Very nice writeup for a very well assembled and designed car.

It seems like any issues that cropped up can be placed at the feet of the beancounters.....design probably called for better quality parts, such as this cable business.

Regardless, I believe the majority of CTD owners are having the same positive experiences you have enjoyed.

Thanks for taking the time to post.

Rob


----------



## TDCruze (Sep 26, 2014)

Very nice write up! Congrats on your first 100k miles being mostly trouble free. 
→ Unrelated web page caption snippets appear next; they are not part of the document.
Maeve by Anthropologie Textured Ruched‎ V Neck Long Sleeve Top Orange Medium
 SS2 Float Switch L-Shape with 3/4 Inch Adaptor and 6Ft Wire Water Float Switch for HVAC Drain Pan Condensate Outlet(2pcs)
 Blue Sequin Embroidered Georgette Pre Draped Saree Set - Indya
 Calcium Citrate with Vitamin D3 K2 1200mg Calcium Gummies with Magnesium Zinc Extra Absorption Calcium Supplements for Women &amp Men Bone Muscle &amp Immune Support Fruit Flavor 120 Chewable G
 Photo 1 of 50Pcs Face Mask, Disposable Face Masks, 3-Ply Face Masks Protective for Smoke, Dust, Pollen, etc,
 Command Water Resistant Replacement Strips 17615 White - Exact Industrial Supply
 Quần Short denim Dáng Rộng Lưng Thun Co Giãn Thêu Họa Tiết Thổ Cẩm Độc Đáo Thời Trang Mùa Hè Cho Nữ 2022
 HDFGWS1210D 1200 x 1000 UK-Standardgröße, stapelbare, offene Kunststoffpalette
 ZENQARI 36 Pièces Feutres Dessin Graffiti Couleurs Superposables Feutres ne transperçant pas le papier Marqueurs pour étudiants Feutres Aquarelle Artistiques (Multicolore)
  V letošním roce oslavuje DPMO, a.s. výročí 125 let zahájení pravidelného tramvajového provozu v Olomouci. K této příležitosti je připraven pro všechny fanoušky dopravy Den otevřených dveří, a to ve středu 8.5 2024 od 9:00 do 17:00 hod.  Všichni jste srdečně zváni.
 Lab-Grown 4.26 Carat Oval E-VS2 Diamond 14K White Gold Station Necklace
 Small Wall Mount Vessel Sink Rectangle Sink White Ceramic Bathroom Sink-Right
Are you planning on doing you timing belt here soon? Or are you going to stretch it out for a while?


----------



## cruze01 (Mar 25, 2011)

Enjoyed your report! I hope you next 100k is as trouble free as your first. Man you drive a lot! I hope your getting paid mileage from an employer, got to be running a delivery service for this king of miles...


----------



## obermd (Mar 3, 2012)

Congratulations.


----------



## Robby (Mar 1, 2013)

TDCruze said:


> Very nice write up! Congrats on your first 100k miles being mostly trouble free.
> 
> Are you planning on doing you timing belt here soon? Or are you going to stretch it out for a while?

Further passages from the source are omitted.